Strangers in Paradox: Explorations in Mormon Theology

Strangers in Paradox is a stimulating and sometimes aggravating book. Its chapters, divided among five parts, are interrelated essays about deity and humanity; the first two essays are introductory, the next seventeen cumulative, and the last four supplementary. Its authors, a wife-husband team, are specialists in the humanities, Hebrew, and law and are knowledgeable about the popular “alternate voices” in the Sunstone sphere of contemporary Mormonism. The Toscanos modestly affirm that “this is not a systematic theology, nor is it reflective of mainstream Mormon thought” (xi). They successfully accomplish their goal “to be clear and thought-provoking without being strident or dogmatic” (xi). Among the many provocative ideas in what critics may dismiss as simply a brief for giving women the priesthood is this: “Because godhood is the highest and final dimension of priesthood and because godhood is male and female, it follows that priesthood must be male and female as well” (152).
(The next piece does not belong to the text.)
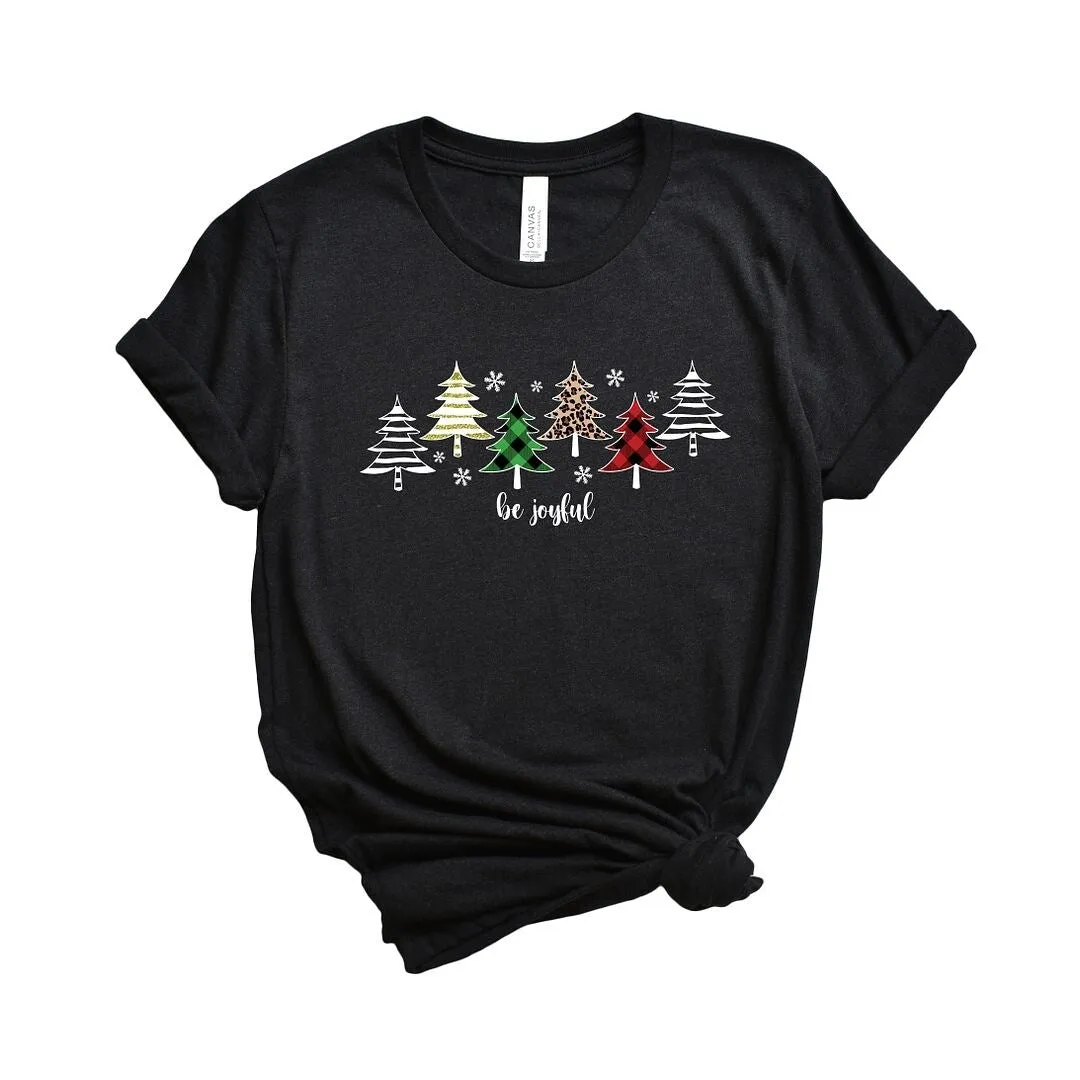 Be Joyful Trees Short Sleeve Tee sold by Zulily product image thumbnail 2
The intriguing title derives from Joseph Smith’s 1844 assertion that “by proving contraries, truth is made manifest” (1, citing History of the Church 6:428). Accepting a definition of paradox as a statement that seems contradictory but may be true in fact, the Toscanos have written a book to show that “by examining various, even contrary views, new truths may be revealed” (1). Many of the contraries discussed in the book do not qualify semantically as paradoxes, being propositions in conflict (salvation is by grace, not works) rather than internally contradictory propositions (Jesus is God and man). With some exceptions, the authors’ method is to transform “either/or” conflicts between religious ideas into “both/and” amalgams: “It is not in the elimination of extremes that life comes forth, but in their tension and balance, where contraries come into accord” (248). Readers will differ on the plausibility of the results, but they are frequently reminded that individual freedom, one of the book’s central themes, gives them that right. The Toscanos speak only for themselves, and they “reserve the right to change [their] minds, even on fundamentals” (15).